In some embodiments, a polynucleic acid molecule comprises one or more artificial nucleotide analogues described herein. In some instances, the polynucleic acid molecule comprises 1, 2, 3, 4, 5, 6, 7, 8, 9, 10, 11, 12, 13, 14, 15, 16, 17, 18, 20, 25, or more of the artificial nucleotide analogues described herein. In some embodiments, the artificial nucleotide analogues include 2′-O-methyl, 2′-O-methoxyethyl (2′-O-MOE), 2′-O-aminopropyl, 2′-deoxy, T-deoxy-2′-fluoro, 2′-O-aminopropyl (2′-O-AP), 2′-O-dimethylaminoethyl (2′-O-DMAOE), 2′-O-dimethylaminopropyl (2′-O-DMAP), T-O-dimethylaminoethyloxyethyl (2′-O-DMAEOE), or 2′-O—N-methylacetamido (2′-O-NMA) modified, LNA, ENA, PNA, HNA, morpholino, methylphosphonate nucleotides, thiolphosphonate nucleotides, 2′-fluoro N3-P5′-phosphoramidites, or a combination thereof.
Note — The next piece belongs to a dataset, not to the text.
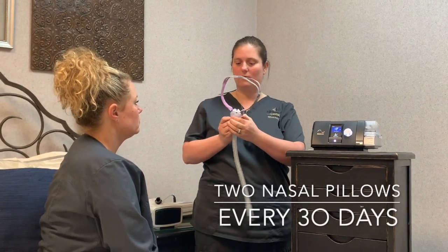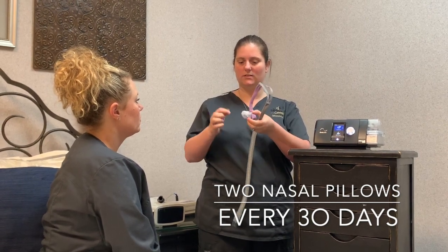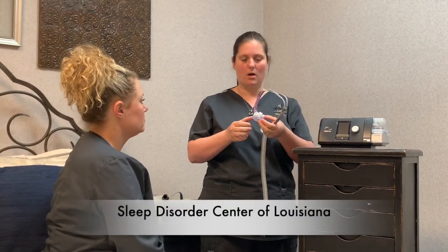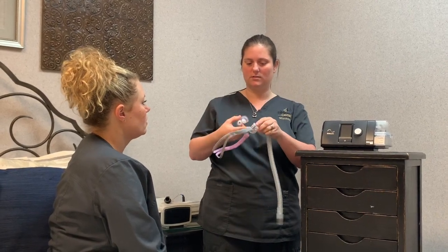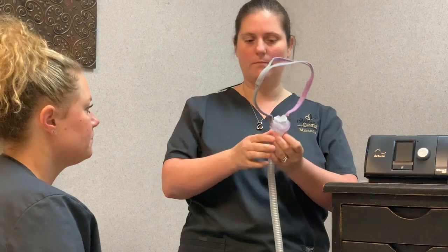You have an extra one right here. A nasal pillow — you are eligible for two of these every 30 days also. You'll clean this with an alcohol prep pad every night or every morning, just to get the dirt and oils off of it from the night before.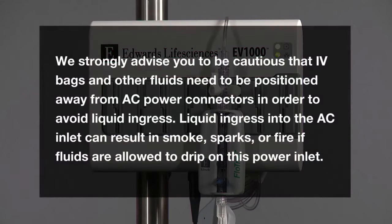We strongly advise you to be cautious that IV bags and other fluids need to be positioned away from AC power connectors in order to avoid liquid ingress. Liquid ingress into the AC inlet can result in smoke, sparks, or fire if fluids are allowed to drip on this power inlet.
In some instances, the polynucleic acid molecule comprises 1, 2, 3, 4, 5, 6, 7, 8, 9, 10, 11, 12, 13, 14, 15, 16, 17, 18, 20, 25, or more of the artificial nucleotide analogues selected from 2′-O-methyl, 2′-O-methoxyethyl (2′-O-MOE), 2′-O-aminopropyl, 2′-deoxy, T-deoxy-2′-fluoro, 2′-O-aminopropyl (2′-O-AP), 2′-O-dimethylaminoethyl (2′-O-DMAOE), 2′-O-dimethylaminopropyl (2′-O-DMAP), T-O-dimethylaminoethyloxyethyl (2′-O-DMAEOE), or 2′-O—N-methylacetamido (2′-O-NMA) modified, LNA, ENA, PNA, HNA, morpholino, methylphosphonate nucleotides, thiolphosphonate nucleotides, 2′-fluoro N3-P5′-phosphoramidites, or a combination thereof. In some instances, the polynucleic acid molecule comprises 1, 2, 3, 4, 5, 6, 7, 8, 9, 10, 11, 12, 13, 14, 15, 16, 17, 18, 20, 25, or more of 2′-O-methyl modified nucleotides. In some instances, the polynucleic acid molecule comprises 1, 2, 3, 4, 5, 6, 7, 8, 9, 10, 11, 12, 13, 14, 15, 16, 17, 18, 20, 25, or more of 2′-O-methoxyethyl (2′-O-MOE) modified nucleotides. In some instances, the polynucleic acid molecule comprises 1, 2, 3, 4, 5, 6, 7, 8, 9, 10, 11, 12, 13, 14, 15, 16, 17, 18, 20, 25, or more of thiolphosphonate nucleotides.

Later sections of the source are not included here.